Here’s a close-up of the wonky building, which turns out to be a new convention centre. (I just googled ‘wonky glass cylinder building dublin’, and perhaps unsurprisingly it came out on top.) It may be an example of something cool in architecture terms, but it seems a little gratuitous to me. The city’s hospitals, it pains me to note, look a lot less modern. (Something that Fintan O’Toole would probably also not hesitate to point out.)
The Samuel Beckett Bridge may also be slightly more artistic than is strictly necessary, but I guess we can cut the city a little more slack here, given that it (a) serves a useful purpose, (b) has a suitably Irish theme and (c) looks unbelievably cool. Although having just looked it up on Wikipedia, I see that there is criticism that it (a) is in the wrong place from a traffic point of view and (b) only lets you turn in certain directions, forcing many drivers to use a nearby toll bridge instead (hmm, sneaky). And it did cost 60 million Euro, which seems quite a lot. Anyway, here’s a picture of the bridge up close and personal. It really does look very nice.
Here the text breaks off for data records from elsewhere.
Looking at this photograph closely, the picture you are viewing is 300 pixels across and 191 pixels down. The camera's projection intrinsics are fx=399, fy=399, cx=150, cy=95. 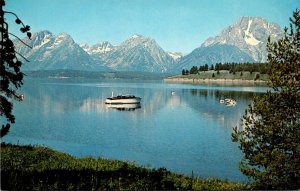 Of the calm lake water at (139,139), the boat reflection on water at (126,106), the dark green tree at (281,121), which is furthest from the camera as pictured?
the boat reflection on water at (126,106)

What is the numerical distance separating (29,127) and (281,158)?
2864 centimetres

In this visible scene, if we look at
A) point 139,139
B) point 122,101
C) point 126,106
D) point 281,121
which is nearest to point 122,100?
point 122,101

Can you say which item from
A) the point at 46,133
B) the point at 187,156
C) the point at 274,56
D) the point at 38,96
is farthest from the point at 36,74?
the point at 274,56

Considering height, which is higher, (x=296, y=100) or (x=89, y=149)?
(x=296, y=100)

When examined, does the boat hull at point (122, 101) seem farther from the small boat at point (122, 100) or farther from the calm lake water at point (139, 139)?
the calm lake water at point (139, 139)

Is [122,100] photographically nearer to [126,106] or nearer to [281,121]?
[126,106]

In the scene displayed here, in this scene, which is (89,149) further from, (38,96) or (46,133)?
(38,96)

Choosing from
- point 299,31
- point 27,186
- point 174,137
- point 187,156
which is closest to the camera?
point 27,186

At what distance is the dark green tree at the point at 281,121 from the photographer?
46.1 ft

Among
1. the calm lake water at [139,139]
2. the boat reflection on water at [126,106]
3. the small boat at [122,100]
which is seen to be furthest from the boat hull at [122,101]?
the calm lake water at [139,139]

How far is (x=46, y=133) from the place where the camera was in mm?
40094

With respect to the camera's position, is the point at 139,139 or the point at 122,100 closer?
the point at 139,139

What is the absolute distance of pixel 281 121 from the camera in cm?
1482

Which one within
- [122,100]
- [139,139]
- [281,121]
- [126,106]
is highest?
[281,121] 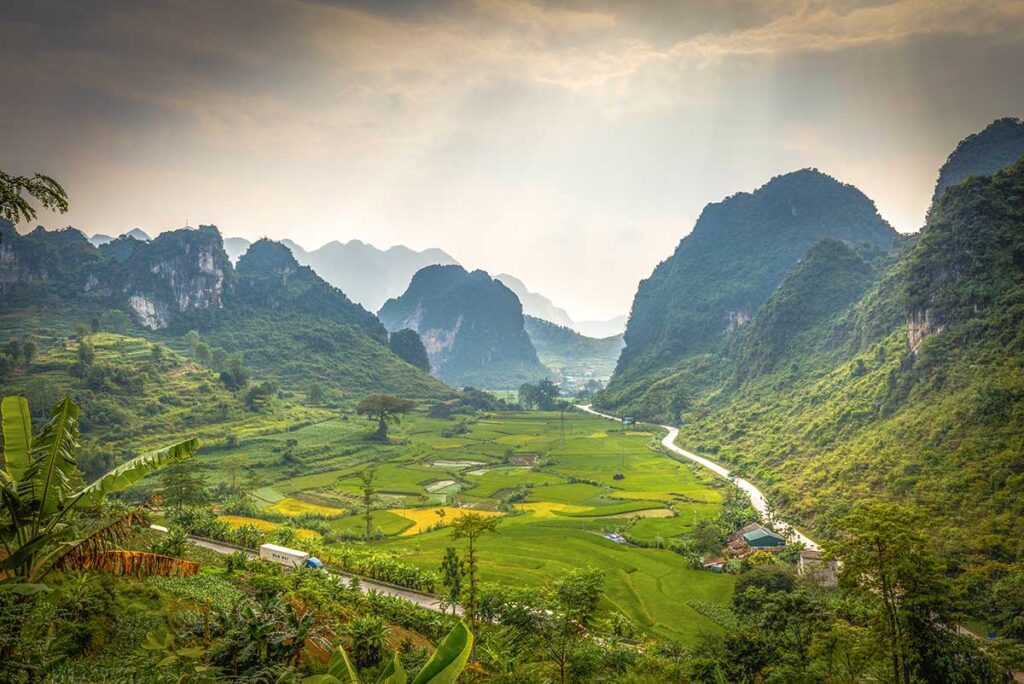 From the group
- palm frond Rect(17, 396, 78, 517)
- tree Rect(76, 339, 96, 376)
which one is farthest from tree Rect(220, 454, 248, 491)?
Answer: palm frond Rect(17, 396, 78, 517)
In a class of its own, though, and not in a good way, is the natural history outpost of the National Museum of Ireland. Being big fans of the Natural History Museum in London, we thought it would be good to see what its Irish counterpart had to offer. Unfortunately, the museum’s collection seems to have been put together sometime in the late Victorian era, with little in the way of updates since then. Glass case upon glass case full of rather mangy looking stuffed mammals may appeal to some, but an engaging exploration of flora and fauna on the Emerald Isle it is not. The building itself, though, is very nice. Here it is…
Now, I’m sorry if my description of our little city break is less than upbeat. But in my defence, I’m just telling it like it is. Dublin is not doing too well. I was shocked not only by the empty buildings, the poor state of public services and the large number of homeless people begging in the streets (as well as the parlous state of the museums), but also by the downbeat nature of the people of Dublin themselves. The city seems to have lost completely the fizz that once made it such an attractive destination. It’s as if Dubliners have become so overwhelmed by their fall from grace that they can’t even imagine a way out, let alone find their way towards it. A little melodramatic, perhaps, but that’s honestly how it felt.
There were some good bits, though. I’ll explore some of these in my next couple of posts (this is part one of, probably, three), but I have to mention now the fantastic little gardens that seemed to pop up when we least expected them, such as this tiny one in the gap between two buildings.
Check out in particular the sculpture at the back. Here it is closer up. Admittedly, the gate to the garden was locked, so I’m not sure who is supposed to enjoy this little area of tranquility in the heart of the city, but it sure was pretty (if inaccessible).
Lest you think that our mini-break was a bit of a disaster, let me assure you that we did, in fact, have a great time. Natalie and I very rarely get any time together that isn’t taken up with work, family or household issues, so it was brilliant to have some time away and to just wander around chatting away to each other. To reconnect. To find the balance that is so easily lost amid the hectic of everyday life. But Dublin. Oh, Dublin. What have you done to yourself in these fifteen short years since last we met?